__Problem details__
Everything from the line that holds "More of my #art today." through the end of the records below is to be transcribed exactly, except the pictures.

__Material shown__
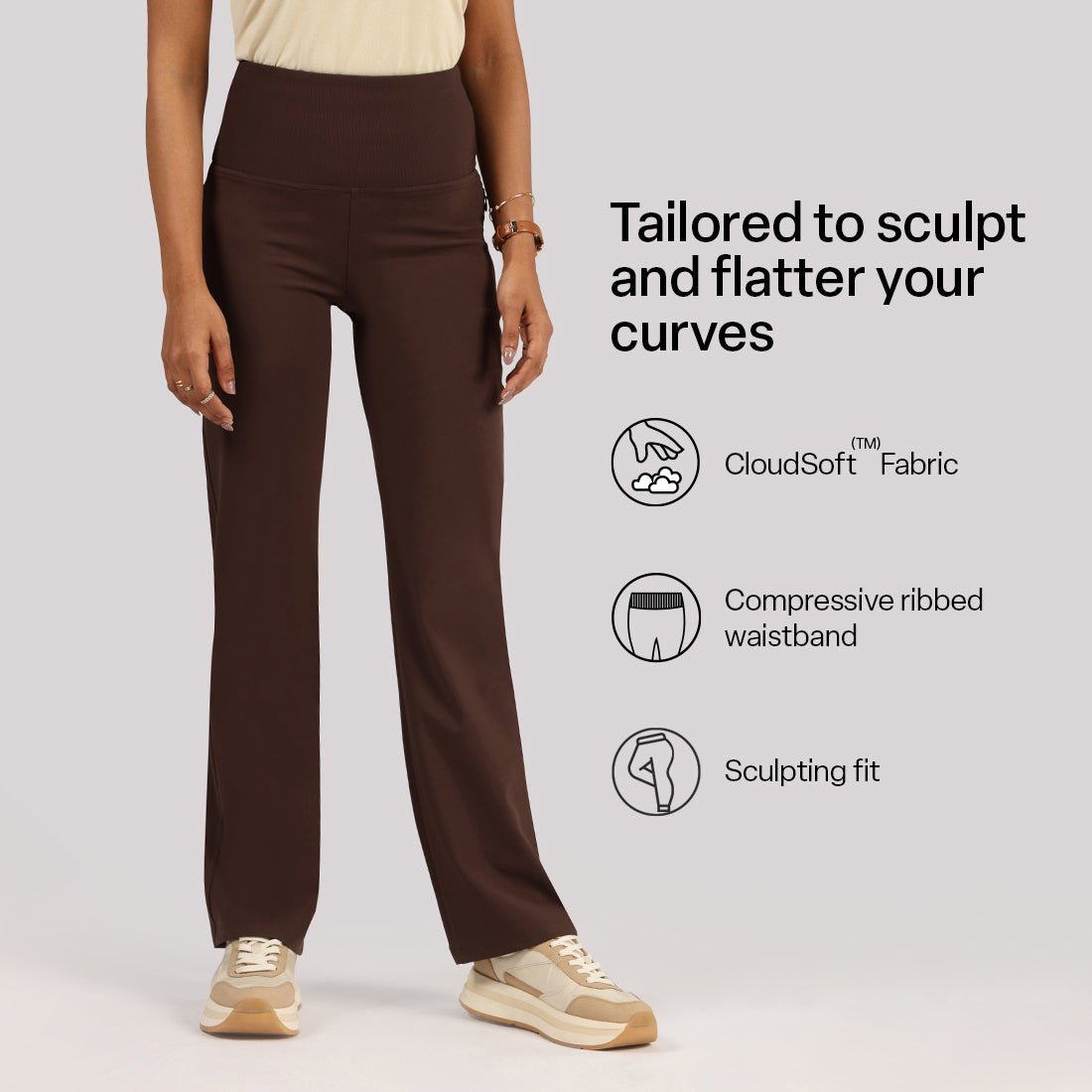 Ultimate Sculpt Straight Pants - BlissClub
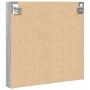 Engineered wood display case in Sonoma gray, 60x8.5x58 cm by , Shelves and shelves - Ref: Foro24-847966, Price: 43,58 €, Disc...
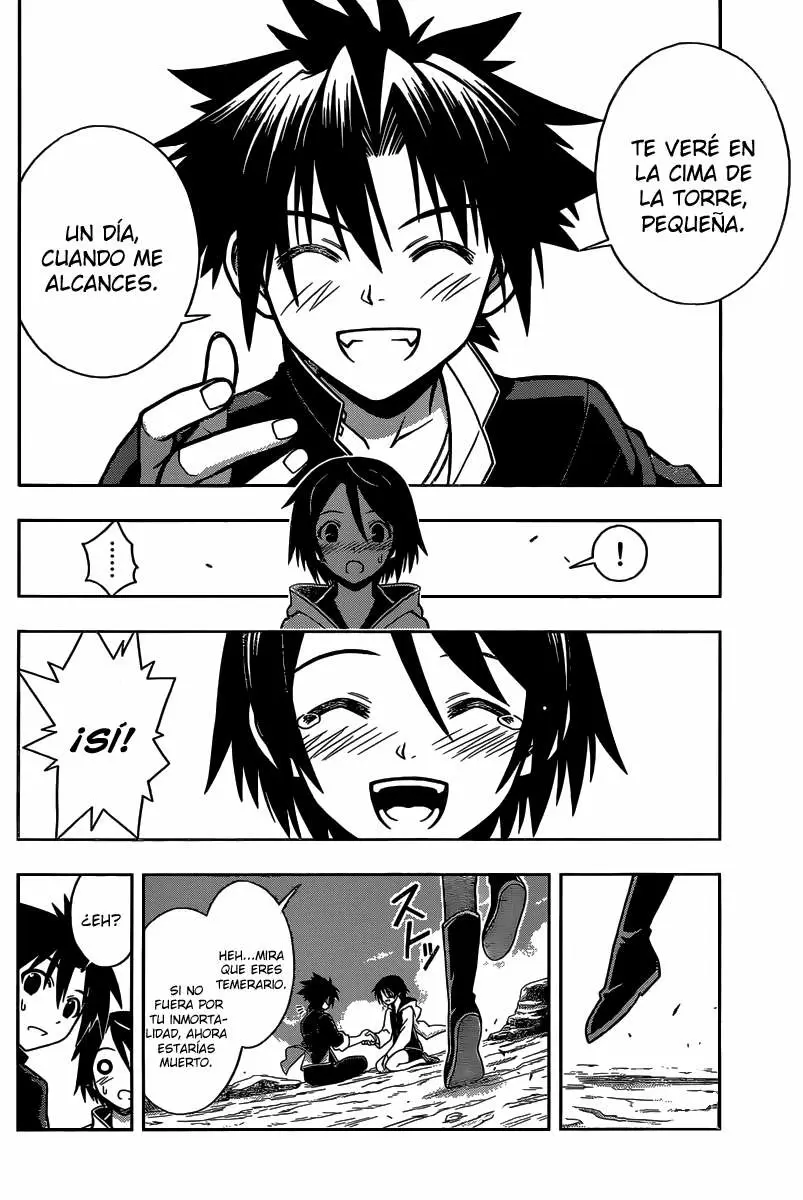 UQ Holder! capítulo 2, página 39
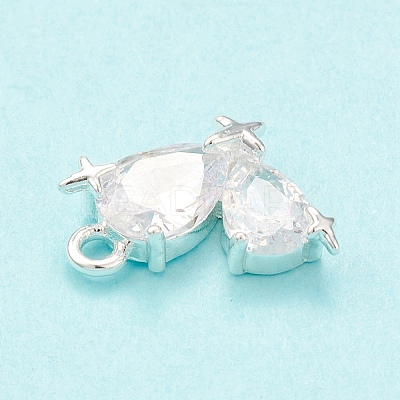 Clear Glass Pendnants KK-P228-24S-1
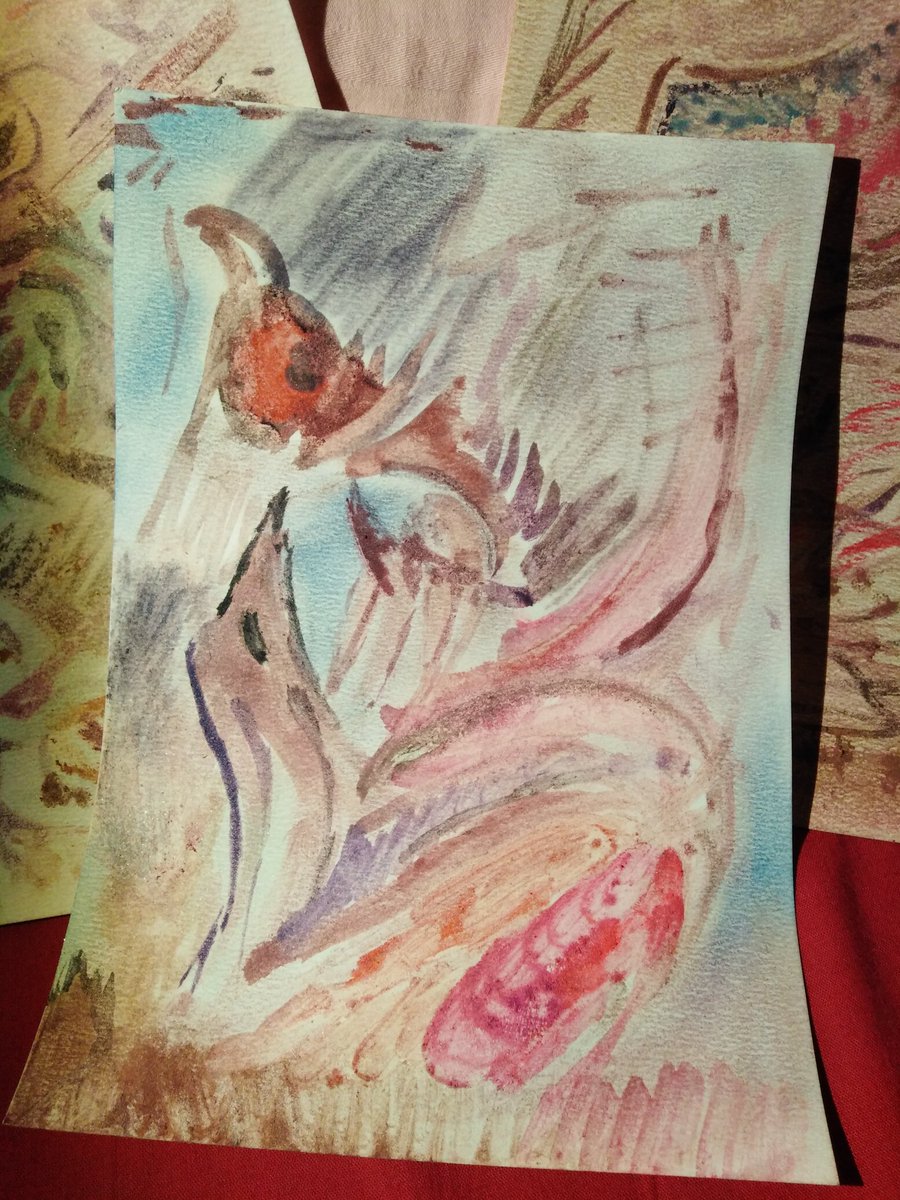 More of my #art today.
It's #Friday a #freeday just before the #weekend of #saturday and #SundayFunday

__Response to this task__
 More of my #art today.
It's #Friday a #freeday just before the #weekend of #saturday and #SundayFunday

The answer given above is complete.